Also, given that \(p_i(x), i=1,\dots ,m_0\) are homogeneous polynomials of degree 4, it follows from equations (16) and (22) that

$$\begin{aligned} \langle T_2(h_i),Z\rangle= & {} \sum _{s=1}^{n_1}\lambda _sh_i(w_s)+\sum _{t=1}^{n_0}\gamma _t\tilde{h}_i(w'_t)\nonumber \\= & {} \sum _{s=1}^{n_1}\lambda _sp_i(u_s)+\sum _{t=1}^{n_0}\gamma _t\tilde{p}_i(v_t)\le d_i, \ i=1,\ldots ,m_0. \end{aligned}$$

(25)

Furthermore, the feasible solution Z has an objective value equal to

$$\begin{aligned} \sum _{s=1}^{n_1}\lambda _sq_0(u_s,w_s)+\sum _{t=1}^{n_0}\gamma _t\tilde{q}_0(v_t,w'_t)= \sum _{s=1}^{n_1}\lambda _sp_0(u_s)+\sum _{t=1}^{n_0}\gamma _t\tilde{q}_0(v_t,w'_t). \end{aligned}$$

Under the condition that \(p_0(x)\) has nonnegative coefficients and \(x\in \mathbb {R}^n_+\), we have

$$\begin{aligned} \sum _{t=1}^{n_0}\gamma _t\tilde{q}_0(v_t,w'_t)\ge \sum _{t=1}^{n_0}\gamma _t\tilde{p}_0(v_t). \end{aligned}$$

Therefore, from any feasible solution to problem (21), we can construct a feasible solution to problem (20) with a larger objective function value, which indicates that problem (19) is a relaxation for problem (21).\(\square \)

To illustrate the use of the condition that \(p_i(x), i=1,\dots ,m_0\) are homogeneous polynomials of degree 4 in Theorem 4, consider a constraint with two variables, \(p_1(x_1, x_2)=x_1^4+x_1^2x_2\le 1\), \(x_1,x_2 \ge 0\). For the QCQP reformulation of the constraint, the additional variable \(y=x_1^2\) is introduced. Then \(h_1(x_1, x_2,y)=y^2+yx_2\). Thus

$$\begin{aligned} \tilde{h}_1(x_1,x_2,y)=y^2+yx_2 \ge y^2 = x_1^4 = \tilde{p}_1(x_1, x_2), \end{aligned}$$

and it indicates (16) might not hold, which is needed for the proof of Theorem 4. Also note that for minimization POPs, Theorem 4 applies after changing the condition on the polynomial \(p_0(x)\) to have nonpositive coefficients.

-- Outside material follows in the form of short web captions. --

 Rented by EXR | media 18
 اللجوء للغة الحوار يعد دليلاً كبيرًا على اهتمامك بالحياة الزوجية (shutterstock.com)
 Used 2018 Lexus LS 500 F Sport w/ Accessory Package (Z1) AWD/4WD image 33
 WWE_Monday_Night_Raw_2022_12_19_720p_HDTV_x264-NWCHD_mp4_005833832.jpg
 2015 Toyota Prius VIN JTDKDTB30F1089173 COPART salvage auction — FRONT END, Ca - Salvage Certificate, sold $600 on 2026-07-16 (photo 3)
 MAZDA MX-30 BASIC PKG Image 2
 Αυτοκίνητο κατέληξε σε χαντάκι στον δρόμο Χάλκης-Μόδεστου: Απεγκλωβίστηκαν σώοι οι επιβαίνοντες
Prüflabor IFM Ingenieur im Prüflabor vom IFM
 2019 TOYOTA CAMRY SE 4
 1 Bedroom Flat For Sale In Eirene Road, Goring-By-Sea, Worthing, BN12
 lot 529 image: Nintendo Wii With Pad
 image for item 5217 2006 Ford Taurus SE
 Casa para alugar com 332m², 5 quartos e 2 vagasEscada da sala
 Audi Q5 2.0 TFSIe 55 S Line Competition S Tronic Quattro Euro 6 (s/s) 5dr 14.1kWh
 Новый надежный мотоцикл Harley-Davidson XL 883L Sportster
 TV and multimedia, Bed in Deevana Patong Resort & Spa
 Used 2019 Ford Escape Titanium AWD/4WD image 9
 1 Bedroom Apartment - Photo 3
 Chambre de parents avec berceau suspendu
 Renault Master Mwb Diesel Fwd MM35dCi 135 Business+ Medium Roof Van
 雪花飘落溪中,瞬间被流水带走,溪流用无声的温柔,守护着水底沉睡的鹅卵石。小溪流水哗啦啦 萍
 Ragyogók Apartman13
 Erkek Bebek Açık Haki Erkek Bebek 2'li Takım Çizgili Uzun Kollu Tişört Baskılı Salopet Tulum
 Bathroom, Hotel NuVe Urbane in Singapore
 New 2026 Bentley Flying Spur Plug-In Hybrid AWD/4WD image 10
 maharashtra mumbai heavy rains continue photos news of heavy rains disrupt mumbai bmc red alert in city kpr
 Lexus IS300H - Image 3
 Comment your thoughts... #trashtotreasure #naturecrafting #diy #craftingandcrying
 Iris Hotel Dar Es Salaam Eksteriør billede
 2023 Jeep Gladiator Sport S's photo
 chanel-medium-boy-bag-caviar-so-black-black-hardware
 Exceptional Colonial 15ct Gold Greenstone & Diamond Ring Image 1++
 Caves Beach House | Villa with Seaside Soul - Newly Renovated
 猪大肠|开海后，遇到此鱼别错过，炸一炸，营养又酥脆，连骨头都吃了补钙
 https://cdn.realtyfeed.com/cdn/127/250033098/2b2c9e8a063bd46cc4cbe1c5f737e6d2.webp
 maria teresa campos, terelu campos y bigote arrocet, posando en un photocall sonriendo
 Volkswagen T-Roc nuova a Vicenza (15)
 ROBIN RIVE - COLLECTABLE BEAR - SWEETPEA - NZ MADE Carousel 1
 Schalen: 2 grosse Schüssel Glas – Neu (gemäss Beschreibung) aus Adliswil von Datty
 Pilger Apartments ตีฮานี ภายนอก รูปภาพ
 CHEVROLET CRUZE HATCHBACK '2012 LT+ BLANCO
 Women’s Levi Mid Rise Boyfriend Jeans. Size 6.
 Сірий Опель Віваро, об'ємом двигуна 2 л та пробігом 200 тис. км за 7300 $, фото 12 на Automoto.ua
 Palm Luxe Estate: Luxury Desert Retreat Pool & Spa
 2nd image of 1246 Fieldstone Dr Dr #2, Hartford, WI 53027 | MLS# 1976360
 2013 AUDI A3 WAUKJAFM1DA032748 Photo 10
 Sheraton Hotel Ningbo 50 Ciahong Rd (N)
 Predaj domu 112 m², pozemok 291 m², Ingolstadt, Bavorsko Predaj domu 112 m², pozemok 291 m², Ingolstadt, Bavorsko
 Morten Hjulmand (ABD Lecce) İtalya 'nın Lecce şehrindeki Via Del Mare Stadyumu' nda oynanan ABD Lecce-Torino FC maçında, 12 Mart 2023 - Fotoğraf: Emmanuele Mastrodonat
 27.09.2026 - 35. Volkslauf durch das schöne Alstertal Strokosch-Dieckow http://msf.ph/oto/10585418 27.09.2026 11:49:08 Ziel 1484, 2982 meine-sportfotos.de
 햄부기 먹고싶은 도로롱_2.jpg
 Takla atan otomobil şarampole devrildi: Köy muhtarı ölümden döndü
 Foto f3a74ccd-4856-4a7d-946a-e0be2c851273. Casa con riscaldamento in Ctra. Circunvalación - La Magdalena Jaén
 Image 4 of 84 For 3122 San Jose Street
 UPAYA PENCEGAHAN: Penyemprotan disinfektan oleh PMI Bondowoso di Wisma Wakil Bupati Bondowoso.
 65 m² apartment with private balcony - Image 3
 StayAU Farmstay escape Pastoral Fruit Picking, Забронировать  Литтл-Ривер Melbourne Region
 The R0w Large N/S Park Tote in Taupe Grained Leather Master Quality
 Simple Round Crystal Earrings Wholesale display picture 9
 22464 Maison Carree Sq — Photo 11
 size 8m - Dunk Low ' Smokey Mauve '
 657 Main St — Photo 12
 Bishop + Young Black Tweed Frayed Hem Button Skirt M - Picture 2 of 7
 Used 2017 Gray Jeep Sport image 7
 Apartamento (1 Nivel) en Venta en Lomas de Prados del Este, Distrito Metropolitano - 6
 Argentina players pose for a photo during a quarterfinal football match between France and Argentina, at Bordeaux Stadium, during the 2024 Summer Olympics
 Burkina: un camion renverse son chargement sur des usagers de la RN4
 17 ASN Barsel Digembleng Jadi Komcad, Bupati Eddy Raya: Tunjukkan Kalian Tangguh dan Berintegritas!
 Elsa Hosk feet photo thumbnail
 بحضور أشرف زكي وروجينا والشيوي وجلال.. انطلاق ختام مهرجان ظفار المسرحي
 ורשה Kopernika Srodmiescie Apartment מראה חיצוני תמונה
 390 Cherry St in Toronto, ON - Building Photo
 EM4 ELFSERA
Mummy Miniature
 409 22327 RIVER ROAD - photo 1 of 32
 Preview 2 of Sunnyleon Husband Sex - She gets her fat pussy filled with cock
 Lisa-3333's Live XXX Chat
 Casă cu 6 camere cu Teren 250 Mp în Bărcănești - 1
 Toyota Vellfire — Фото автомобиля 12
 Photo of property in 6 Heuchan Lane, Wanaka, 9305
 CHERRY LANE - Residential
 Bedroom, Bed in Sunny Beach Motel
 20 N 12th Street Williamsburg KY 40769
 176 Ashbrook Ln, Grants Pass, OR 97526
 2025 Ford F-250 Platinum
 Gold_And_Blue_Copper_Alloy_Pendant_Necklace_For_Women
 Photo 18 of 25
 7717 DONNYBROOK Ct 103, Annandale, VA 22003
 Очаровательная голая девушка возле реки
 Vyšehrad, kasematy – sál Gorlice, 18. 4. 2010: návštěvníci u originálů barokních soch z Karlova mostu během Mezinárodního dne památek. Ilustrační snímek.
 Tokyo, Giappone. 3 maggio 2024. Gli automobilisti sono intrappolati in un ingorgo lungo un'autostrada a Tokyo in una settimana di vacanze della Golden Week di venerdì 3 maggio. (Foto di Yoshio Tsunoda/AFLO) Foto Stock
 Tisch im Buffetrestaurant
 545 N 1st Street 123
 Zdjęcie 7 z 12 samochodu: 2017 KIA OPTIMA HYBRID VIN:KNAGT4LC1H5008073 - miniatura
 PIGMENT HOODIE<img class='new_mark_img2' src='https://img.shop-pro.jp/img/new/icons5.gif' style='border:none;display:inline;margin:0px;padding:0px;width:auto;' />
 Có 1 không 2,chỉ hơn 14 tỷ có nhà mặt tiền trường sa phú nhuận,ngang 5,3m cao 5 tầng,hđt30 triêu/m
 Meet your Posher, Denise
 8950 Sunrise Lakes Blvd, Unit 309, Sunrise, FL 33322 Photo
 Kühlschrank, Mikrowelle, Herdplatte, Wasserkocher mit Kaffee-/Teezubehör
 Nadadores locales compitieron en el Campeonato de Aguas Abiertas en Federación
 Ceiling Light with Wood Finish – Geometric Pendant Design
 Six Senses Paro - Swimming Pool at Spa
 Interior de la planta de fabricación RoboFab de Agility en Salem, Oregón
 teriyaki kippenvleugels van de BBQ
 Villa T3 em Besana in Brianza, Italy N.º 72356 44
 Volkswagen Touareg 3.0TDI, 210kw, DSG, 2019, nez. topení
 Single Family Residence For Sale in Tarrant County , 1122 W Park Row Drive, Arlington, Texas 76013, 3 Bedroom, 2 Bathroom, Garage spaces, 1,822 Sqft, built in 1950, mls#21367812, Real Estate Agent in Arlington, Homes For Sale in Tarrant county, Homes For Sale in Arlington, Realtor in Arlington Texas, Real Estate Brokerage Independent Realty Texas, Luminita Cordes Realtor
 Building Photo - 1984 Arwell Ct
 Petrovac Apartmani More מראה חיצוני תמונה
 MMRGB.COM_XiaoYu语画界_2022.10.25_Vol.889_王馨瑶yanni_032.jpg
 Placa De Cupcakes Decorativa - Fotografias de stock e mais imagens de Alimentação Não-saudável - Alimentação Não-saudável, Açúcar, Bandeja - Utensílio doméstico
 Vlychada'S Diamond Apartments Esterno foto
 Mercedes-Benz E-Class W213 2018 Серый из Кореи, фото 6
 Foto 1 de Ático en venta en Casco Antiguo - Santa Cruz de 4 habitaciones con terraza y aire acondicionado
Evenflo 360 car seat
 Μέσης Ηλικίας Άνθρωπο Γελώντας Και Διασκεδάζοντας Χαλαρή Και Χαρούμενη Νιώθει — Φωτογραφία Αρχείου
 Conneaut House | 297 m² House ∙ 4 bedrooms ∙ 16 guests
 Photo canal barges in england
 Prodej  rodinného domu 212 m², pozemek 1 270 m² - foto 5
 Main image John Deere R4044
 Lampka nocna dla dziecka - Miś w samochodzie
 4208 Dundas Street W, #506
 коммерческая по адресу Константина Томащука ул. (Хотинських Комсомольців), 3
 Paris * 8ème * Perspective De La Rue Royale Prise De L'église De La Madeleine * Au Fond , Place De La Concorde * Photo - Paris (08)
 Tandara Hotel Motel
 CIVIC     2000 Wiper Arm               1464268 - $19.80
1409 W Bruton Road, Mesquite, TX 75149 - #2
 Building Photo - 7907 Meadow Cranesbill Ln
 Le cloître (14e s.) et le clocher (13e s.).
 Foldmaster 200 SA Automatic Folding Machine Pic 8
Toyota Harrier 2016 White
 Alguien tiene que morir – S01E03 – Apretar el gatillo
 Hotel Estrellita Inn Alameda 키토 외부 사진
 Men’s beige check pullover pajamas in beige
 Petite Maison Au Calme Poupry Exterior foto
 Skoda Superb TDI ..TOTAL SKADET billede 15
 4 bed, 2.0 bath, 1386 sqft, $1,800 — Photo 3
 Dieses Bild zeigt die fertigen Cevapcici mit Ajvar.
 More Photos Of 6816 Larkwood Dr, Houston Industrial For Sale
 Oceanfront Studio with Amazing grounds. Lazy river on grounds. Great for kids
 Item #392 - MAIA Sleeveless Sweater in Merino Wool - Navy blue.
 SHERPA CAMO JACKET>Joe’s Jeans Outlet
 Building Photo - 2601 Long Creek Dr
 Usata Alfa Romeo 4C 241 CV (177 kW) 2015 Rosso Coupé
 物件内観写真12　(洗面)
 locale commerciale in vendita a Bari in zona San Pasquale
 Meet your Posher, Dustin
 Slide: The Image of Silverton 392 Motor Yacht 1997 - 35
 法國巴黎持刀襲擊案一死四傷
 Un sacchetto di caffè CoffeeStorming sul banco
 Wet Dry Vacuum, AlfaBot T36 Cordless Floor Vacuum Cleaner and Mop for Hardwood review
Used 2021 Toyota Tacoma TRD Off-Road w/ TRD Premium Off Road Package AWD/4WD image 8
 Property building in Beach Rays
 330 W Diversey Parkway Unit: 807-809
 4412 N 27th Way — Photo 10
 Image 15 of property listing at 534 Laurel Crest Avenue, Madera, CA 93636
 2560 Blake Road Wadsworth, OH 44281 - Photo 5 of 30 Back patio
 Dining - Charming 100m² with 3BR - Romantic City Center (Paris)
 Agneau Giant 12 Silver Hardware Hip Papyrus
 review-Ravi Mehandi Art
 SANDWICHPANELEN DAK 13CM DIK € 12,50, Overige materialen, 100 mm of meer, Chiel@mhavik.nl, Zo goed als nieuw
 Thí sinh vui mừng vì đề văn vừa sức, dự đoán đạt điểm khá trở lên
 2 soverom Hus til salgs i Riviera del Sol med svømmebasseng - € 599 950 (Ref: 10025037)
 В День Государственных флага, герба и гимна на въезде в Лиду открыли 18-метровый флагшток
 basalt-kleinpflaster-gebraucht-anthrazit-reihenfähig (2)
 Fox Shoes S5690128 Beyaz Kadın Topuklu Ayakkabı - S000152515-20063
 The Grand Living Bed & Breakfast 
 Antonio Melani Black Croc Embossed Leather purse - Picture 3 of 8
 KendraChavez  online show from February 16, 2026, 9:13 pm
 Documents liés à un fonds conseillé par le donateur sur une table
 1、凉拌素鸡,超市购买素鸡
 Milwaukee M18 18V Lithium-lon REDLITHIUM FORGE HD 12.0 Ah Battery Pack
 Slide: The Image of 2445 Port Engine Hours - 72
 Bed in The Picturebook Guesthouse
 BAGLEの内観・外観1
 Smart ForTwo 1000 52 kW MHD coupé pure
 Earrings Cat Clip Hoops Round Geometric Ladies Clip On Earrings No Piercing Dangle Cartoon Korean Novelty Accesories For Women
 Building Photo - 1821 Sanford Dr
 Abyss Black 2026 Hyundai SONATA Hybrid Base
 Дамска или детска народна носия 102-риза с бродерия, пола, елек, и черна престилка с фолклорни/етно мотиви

Theorem 4 proves that the CP tensor relaxation can provide bounds that are at lease as tight as the ones obtained from CP matrix relaxations of a quadratic reformulation of a class of POPs. In next section, we will provide the results of numerical experiments that show that indeed, bounds for a POP based on CP tensor relaxations are tighter than the ones obtained via CP matrix relaxations.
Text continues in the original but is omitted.